→ Supplied material:
◆ ◆ ◆

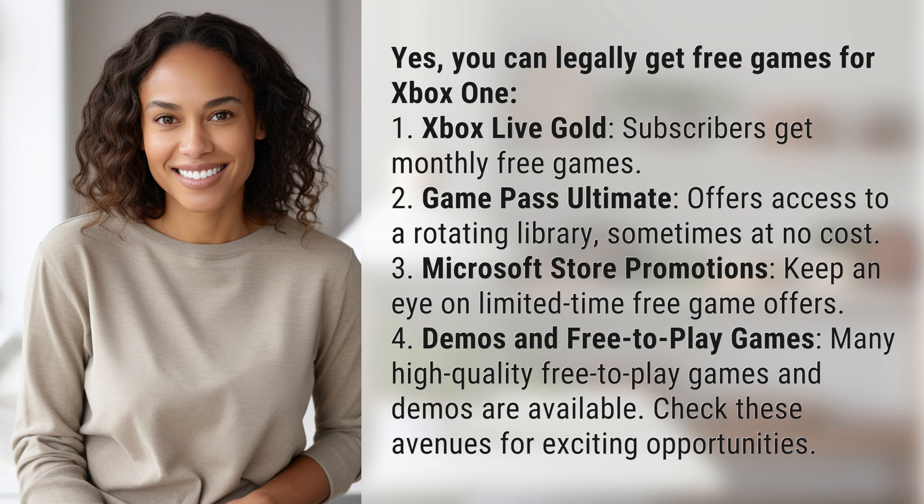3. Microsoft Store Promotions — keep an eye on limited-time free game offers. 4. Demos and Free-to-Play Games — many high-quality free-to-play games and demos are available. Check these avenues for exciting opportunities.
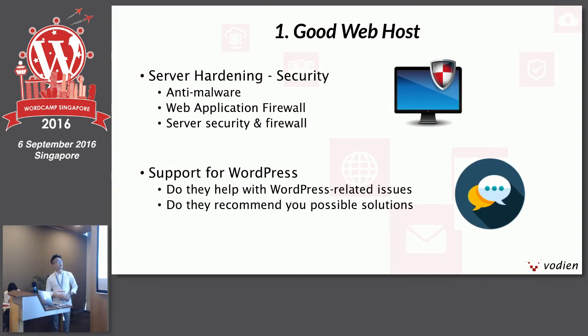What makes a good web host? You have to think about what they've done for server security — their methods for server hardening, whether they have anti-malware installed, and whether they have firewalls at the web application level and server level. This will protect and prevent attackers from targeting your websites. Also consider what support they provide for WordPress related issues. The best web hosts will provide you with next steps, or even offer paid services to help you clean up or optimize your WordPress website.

◆ ◆ ◆

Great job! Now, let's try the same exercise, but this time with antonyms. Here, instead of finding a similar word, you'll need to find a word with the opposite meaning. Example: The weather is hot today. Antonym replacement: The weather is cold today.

◆ ◆ ◆

→ Task brief: In the listing above, find the line containing "3. Microsoft Store" and the line containing "What makes a", then return both of them and every line between, exactly, without pictures.

→ Task result:
3. Microsoft Store Promotions — keep an eye on limited-time free game offers. 4. Demos and Free-to-Play Games — many high-quality free-to-play games and demos are available. Check these avenues for exciting opportunities.
What makes a good web host? You have to think about what they've done for server security — their methods for server hardening, whether they have anti-malware installed, and whether they have firewalls at the web application level and server level. This will protect and prevent attackers from targeting your websites. Also consider what support they provide for WordPress related issues. The best web hosts will provide you with next steps, or even offer paid services to help you clean up or optimize your WordPress website.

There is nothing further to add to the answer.